No stranger to travel – he speaks six languages – this was Dr. Kabongo’s second trip with the CBFP after visiting Africa last year. The journeys have come after more than two decades abroad.

In 1990, he left Kinshasa, the capital of the Democratic Republic of Congo, for Haiti to work for Missionhurst Missionaries, a Catholic organization that builds schools and promotes education and health care training.

A few years after that, he moved to Mexico City to attend Universidad Iberoamericana, a Jesuit college. He earned a master’s degree, got married and in 2001 immigrated to Canada to work and pursue a doctoral degree in business management at Université Laval in Quebec City.
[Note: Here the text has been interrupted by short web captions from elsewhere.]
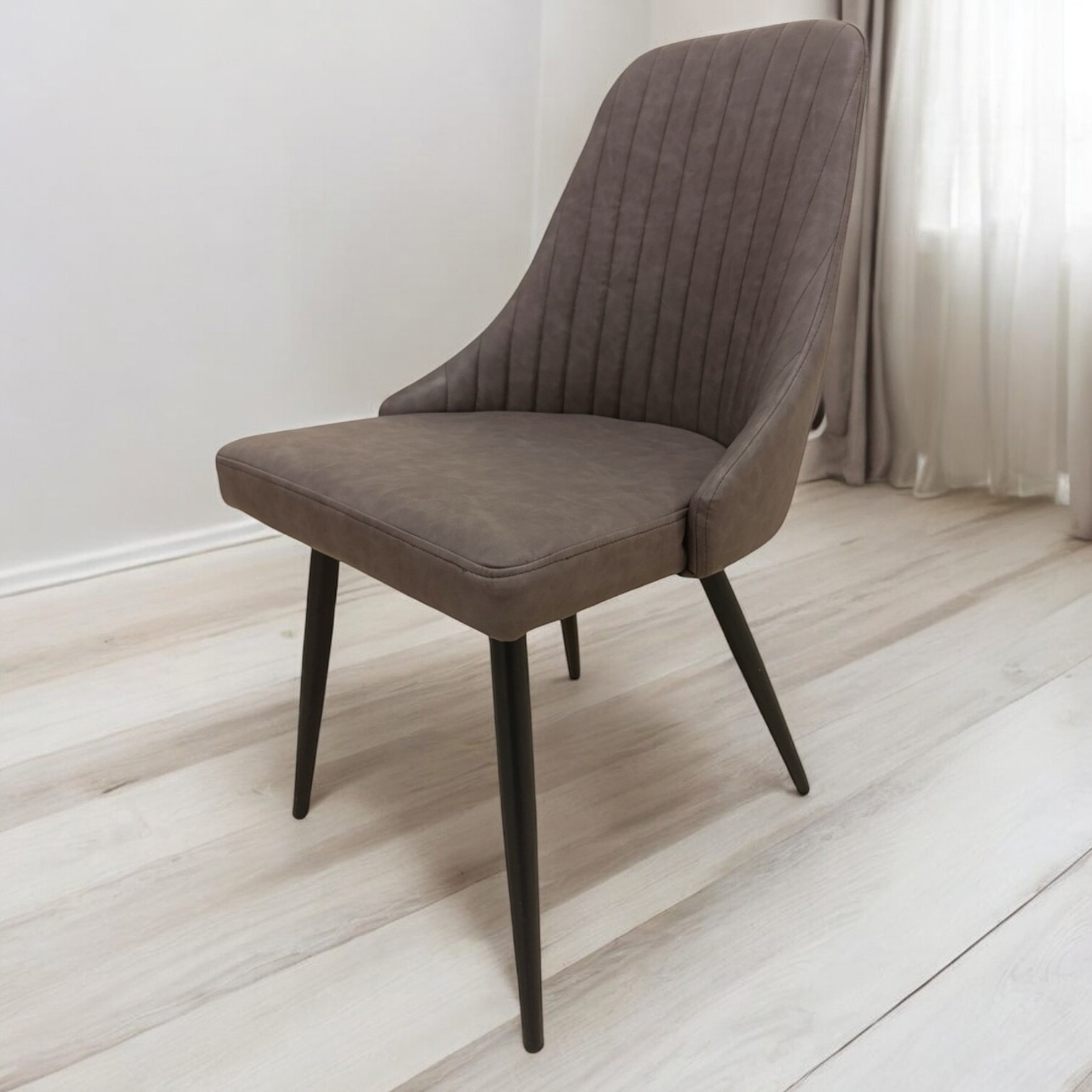 Изображение товара Кухонный стул Goldensun Marvin современный коричневый с экокожей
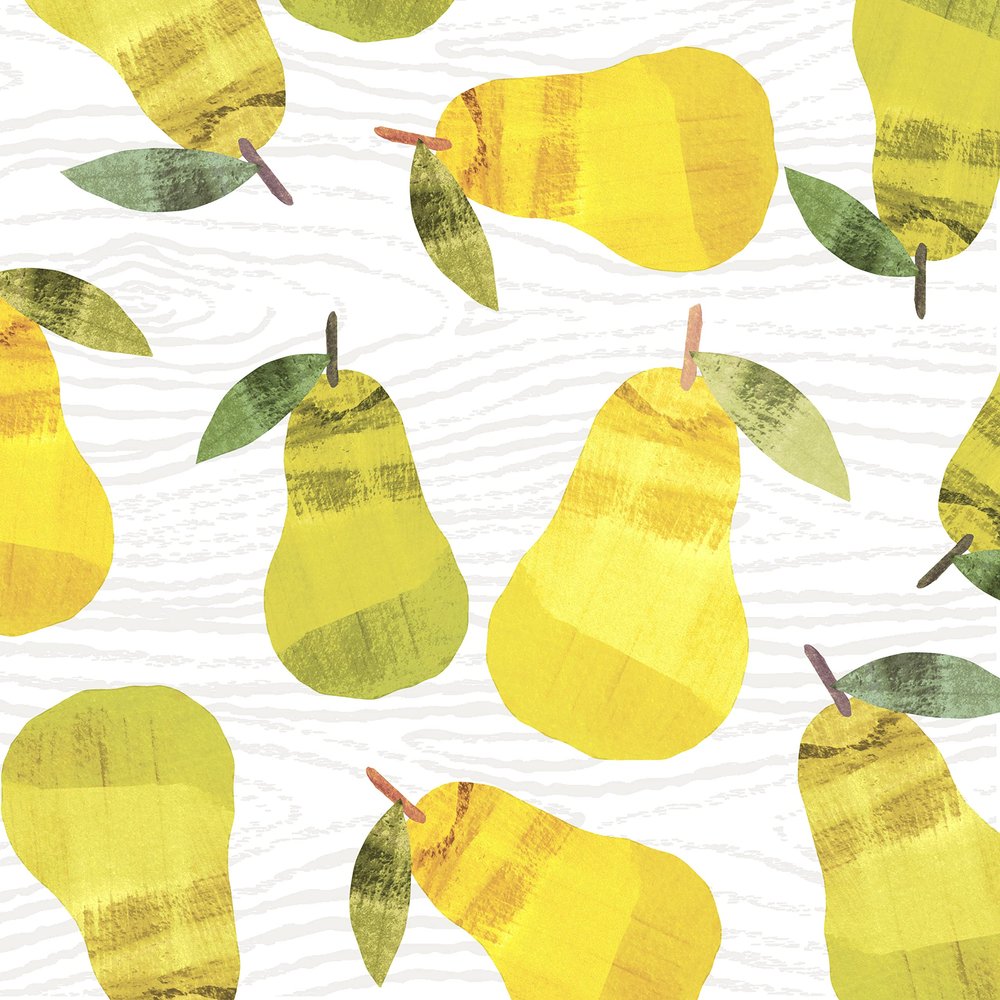 20 Garden Pear Napkins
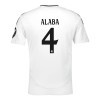 Maillot de Supporter Real Madrid Alaba 4 Domicile 2024-25 Pour Enfant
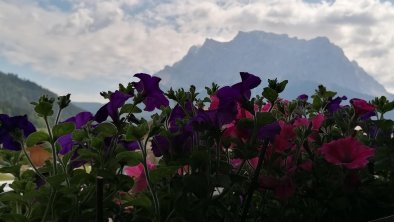 Balkon mit Zugspitzblick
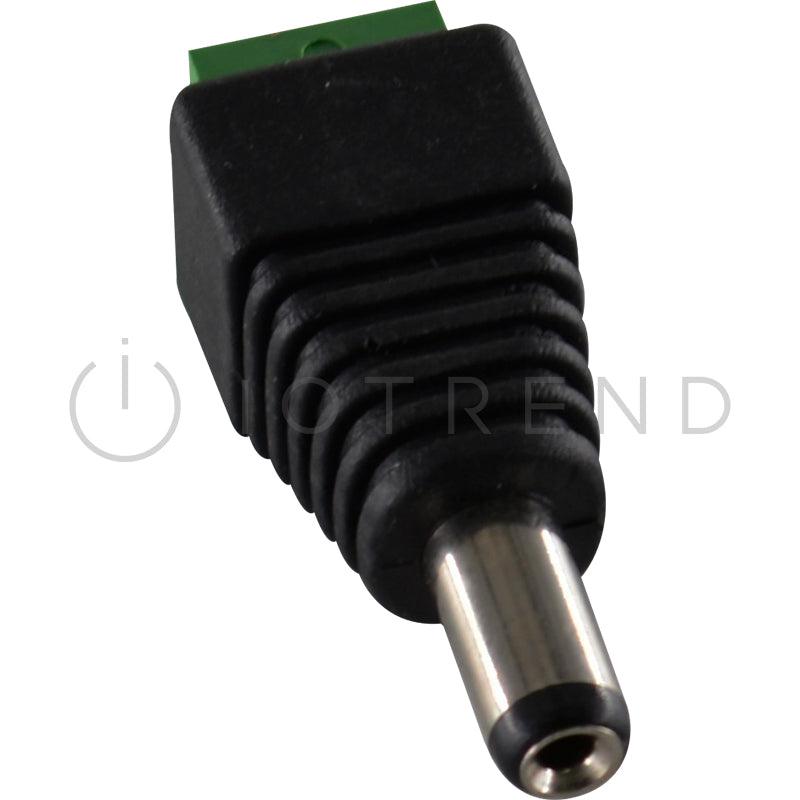 DC Plug incl Terminal Connector Block - Male 10 pack - IOTREND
Awarded a doctorate in 2006, he taught for a few years at Virginia State University and then at Millersville University in Pennsylvania. He landed at USF Sarasota-Manatee in 2010.

Dr. Kabongo welcomed the voyage back to his homeland of western Africa, a place of contrasts: abundant in beauty, culture and resources but struggling economically. The people he encountered, including many young entrepreneurs, nonetheless were thirsty for knowledge.
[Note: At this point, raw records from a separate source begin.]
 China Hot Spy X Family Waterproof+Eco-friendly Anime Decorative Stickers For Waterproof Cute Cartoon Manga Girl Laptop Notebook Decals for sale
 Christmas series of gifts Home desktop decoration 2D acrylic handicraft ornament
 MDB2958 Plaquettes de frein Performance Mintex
“To see how people are in need and how they want to learn and improve what they are doing, to me it is rewarding that I can be of help,” he said. “I see it as a service to the community, helping people grow and succeed in their entrepreneurial efforts, which can help overall to improve the economic and human development of the region.”

He said he hopes to return next year: “We’ll have to wait and see.”